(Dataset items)
--------------------------------
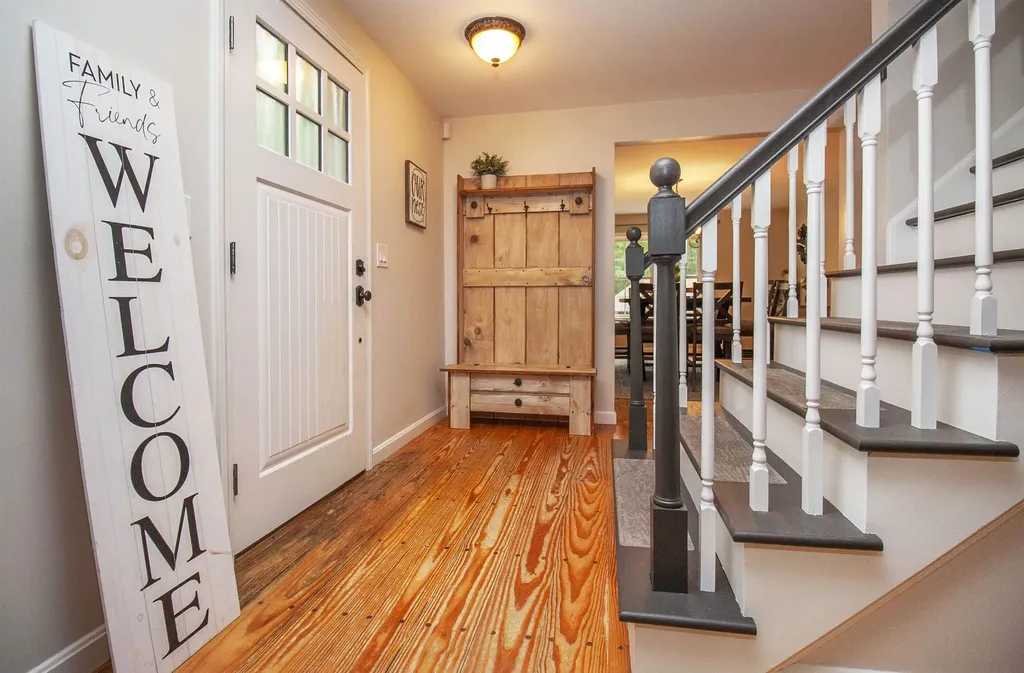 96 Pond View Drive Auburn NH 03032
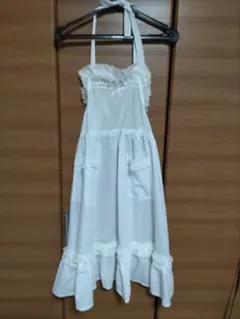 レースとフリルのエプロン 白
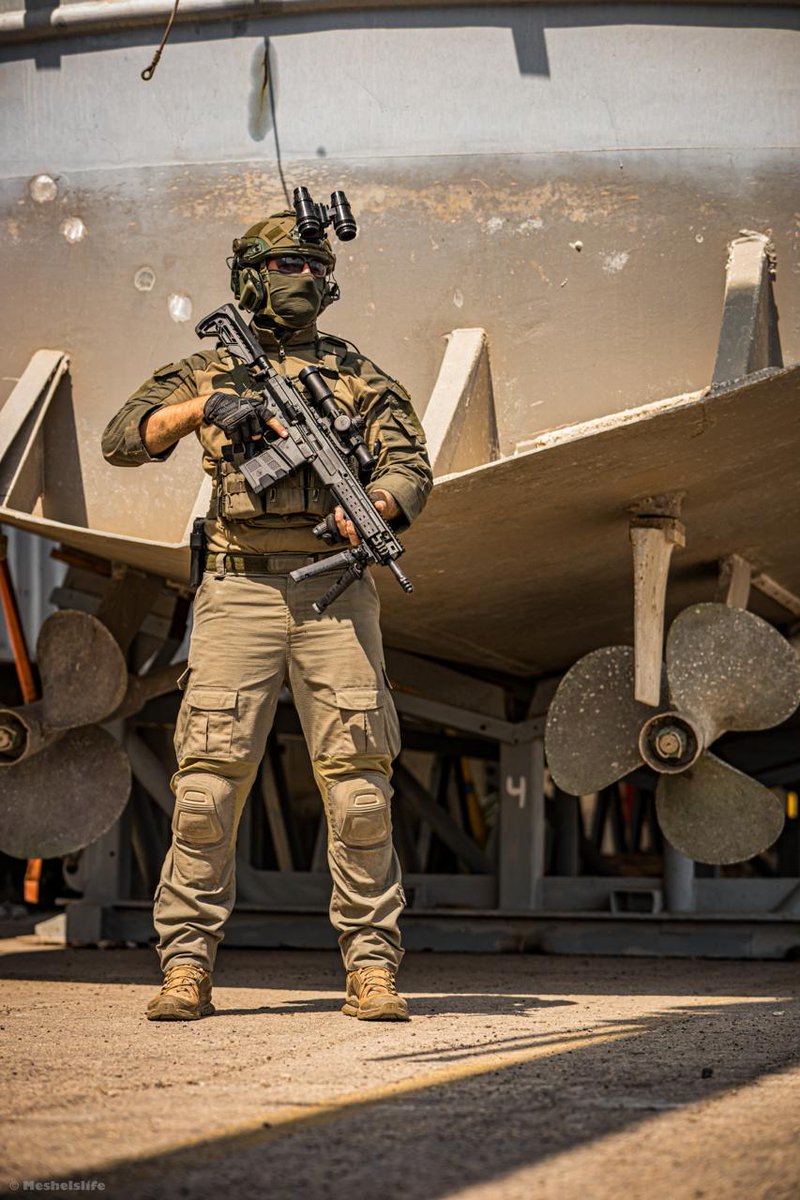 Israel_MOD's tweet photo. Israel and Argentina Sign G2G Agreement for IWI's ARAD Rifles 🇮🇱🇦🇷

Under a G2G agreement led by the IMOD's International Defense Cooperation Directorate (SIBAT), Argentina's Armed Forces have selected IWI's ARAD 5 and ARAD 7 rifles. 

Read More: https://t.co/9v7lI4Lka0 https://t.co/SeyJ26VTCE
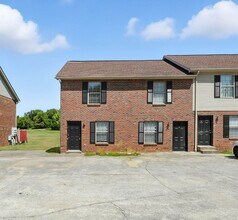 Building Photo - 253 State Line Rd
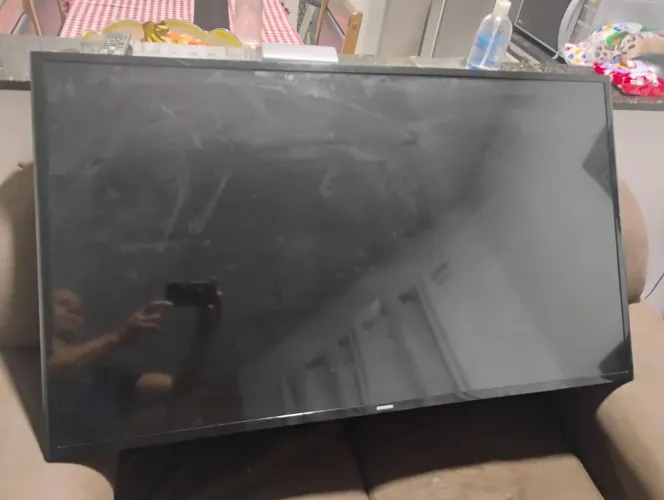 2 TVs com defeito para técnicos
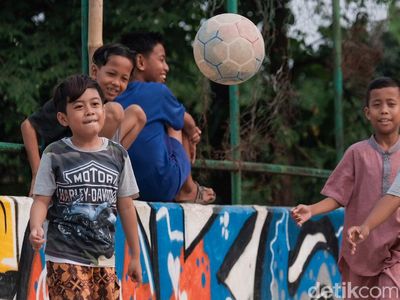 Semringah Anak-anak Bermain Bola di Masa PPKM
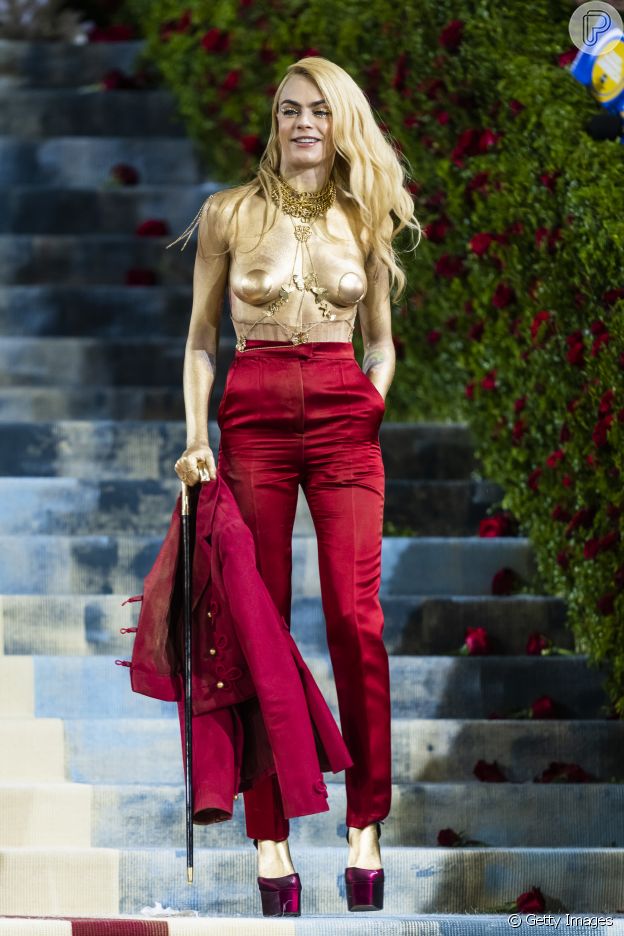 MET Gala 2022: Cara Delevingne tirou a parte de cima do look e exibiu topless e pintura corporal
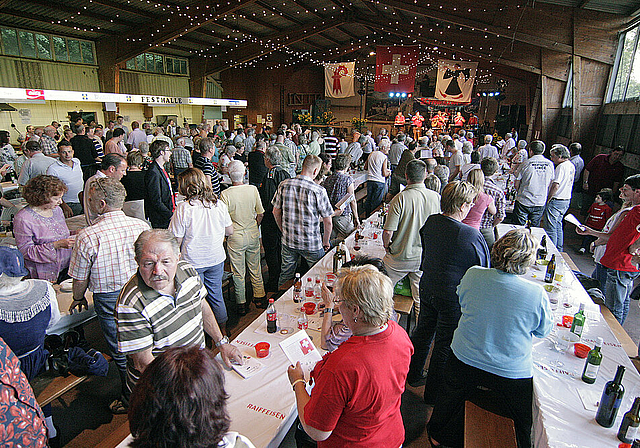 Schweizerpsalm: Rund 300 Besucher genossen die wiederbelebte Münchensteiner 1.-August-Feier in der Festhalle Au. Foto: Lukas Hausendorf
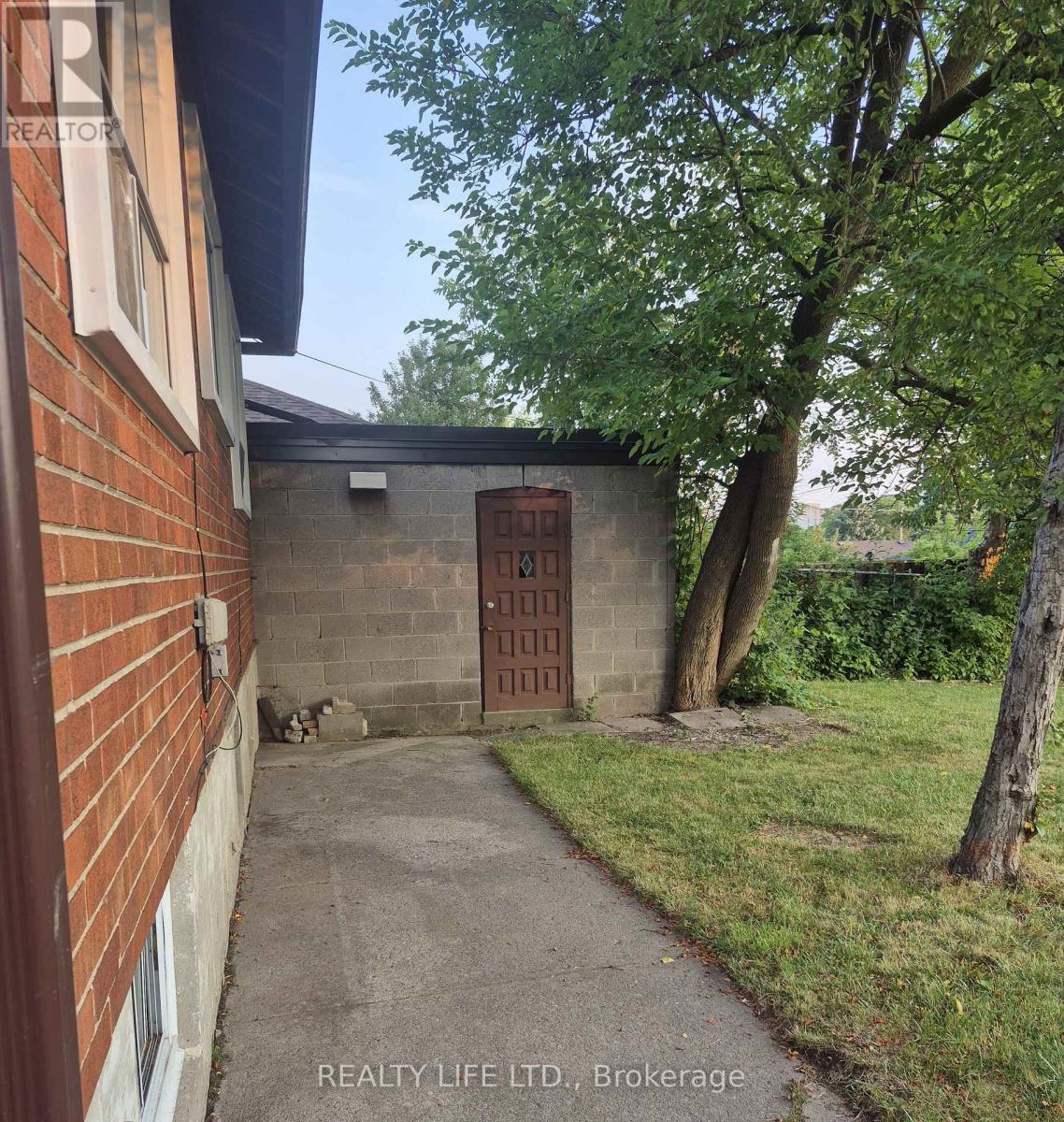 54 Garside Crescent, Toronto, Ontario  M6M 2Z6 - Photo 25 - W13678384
--------------------------------
» **Problem**
In the answer, include exactly the lines from the top of the entries through the line containing "MET Gala 2022: Cara", and nothing else, not even the pictures.

» **Result for this task**
 96 Pond View Drive Auburn NH 03032
 レースとフリルのエプロン 白
 Israel_MOD's tweet photo. Israel and Argentina Sign G2G Agreement for IWI's ARAD Rifles 🇮🇱🇦🇷

Under a G2G agreement led by the IMOD's International Defense Cooperation Directorate (SIBAT), Argentina's Armed Forces have selected IWI's ARAD 5 and ARAD 7 rifles. 

Read More: https://t.co/9v7lI4Lka0 https://t.co/SeyJ26VTCE
 Building Photo - 253 State Line Rd
 2 TVs com defeito para técnicos
 Semringah Anak-anak Bermain Bola di Masa PPKM
 MET Gala 2022: Cara Delevingne tirou a parte de cima do look e exibiu topless e pintura corporal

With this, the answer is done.